Form D (Reg D, Rules 506(b)/506(c)). A one-time accredited-investor private-placement notice with no funding-portal requirement, no offering cap, and no progress-update regime; covers a non-overlapping issuer population and offering structure from Reg CF.
Form 1-A (Reg A, Tier 1 and Tier 2). SEC-qualified "mini-IPO" offering circular permitting up to $20M/$75M per twelve months with no 50%/100%-of-target SEC progress filings; Reg A's periodic stack (1-K, 1-SA, 1-U) parallels C-AR, not C-U.
Form 1-Z (Reg A termination). Terminates Tier 2 reporting and discloses final amount sold, functioning as a Reg A hybrid of C-U (final tally) and C-TR (end of reporting); the Reg CF equivalent of its final-tally role lives in the closing Form C-U.
Funding portal platform updates (Wefunder, StartEngine, Republic, Honeycomb, etc.). Real-time amount-raised counters and free-text issuer posts that are more frequent than Form C-U but unstandardized, off-EDGAR, and unauditable through SEC channels; Form C-U is the only authoritative, time-stamped record of milestone and closing amounts for a Reg CF raise.
Form C-U is distinguished by three combined features: it is event-triggered by specific numeric thresholds (50%, 100%, close) rather than by calendar period or term changes; it is exclusive to Securities Act Section 4(a)(6) and has no analogue under Reg D or Reg A; and it is offering-scoped, attaching to a single Form C accession lineage, whereas C-AR and C-TR are issuer-scoped. For measuring how much a Reg CF campaign actually raised, the final Form C-U is the canonical record with no substitute inside or outside the Reg CF stack.

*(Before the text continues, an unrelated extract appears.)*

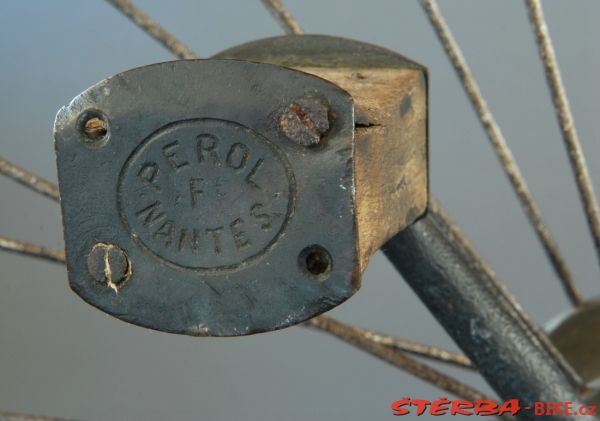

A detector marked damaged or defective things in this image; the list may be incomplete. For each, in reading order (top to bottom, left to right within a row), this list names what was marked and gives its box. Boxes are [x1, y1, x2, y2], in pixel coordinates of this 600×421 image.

rusty bolt [83, 115, 108, 140]
rusty bolt [278, 97, 330, 146]
rusty bolt [86, 241, 131, 290]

Form C-U documents progress and close events for Reg CF offerings, so it draws a narrow set of users tied to that single regulatory event.
Counsel advising Reg CF issuers use Form C-U as the primary record for whether Rule 203(a)(3) progress-update obligations were met on time. They check the filing date against the target-hit date for the five-business-day window, read targetOfferingAmount and amountRaised to identify which trigger (50 percent, 100 percent, or final close) the C-U represents, and use issuer CIK to chain the C-U back to its Form C and any C/A amendments. The dataset supports late-filing diagnostics before a follow-on round, C-U/A drafting, and cap-table reconciliation against the annual Reg CF cap when rolling into Reg D or Reg A+.
Compliance and operations teams at FINRA-registered funding portals and broker-dealer intermediaries filter on intermediary CIK to isolate offerings hosted on their platform, then track amountRaised, totalAmountSold, and filing timestamps. The workflow covers confirming that issuers filed required 50 percent and 100 percent C-Us in window, populating books-and-records files, escalating missed closing C-Us, and reconciling escrow release events with the issuer's public disclosure. Cross-platform monitoring uses intermediary CIK to track C-U volume and final raise sizes by competing portal.
Academic finance and entrepreneurship researchers, policy analysts, and market analysts join Form C, C/A, and C-U on issuer CIK to build offering-level panels covering Reg CF since August 2016. They aggregate targetOfferingAmount, offeringMaximum, amountRaised, totalAmountSold, currentNumberOfEmployees, and close dates to compute success rates, time-to-target, undersubscription rates, and intermediary market share. Outputs include peer-reviewed studies, capital-formation policy briefs, and longitudinal market reports.
Analysts at seed funds, micro-VCs, and angel groups use C-U as a sourcing signal. They flag issuers whose 50 percent C-U lands within days of launch (raise-velocity signal), issuers whose final C-U falls well below offeringMaximum (potential discounted bridge), and issuers whose currentNumberOfEmployees and totalAmountSold match a thesis stage. The workflow ingests new C-Us daily, joins to Form C issuer data, ranks on amount-raised-per-day, and routes candidates to deal pipelines.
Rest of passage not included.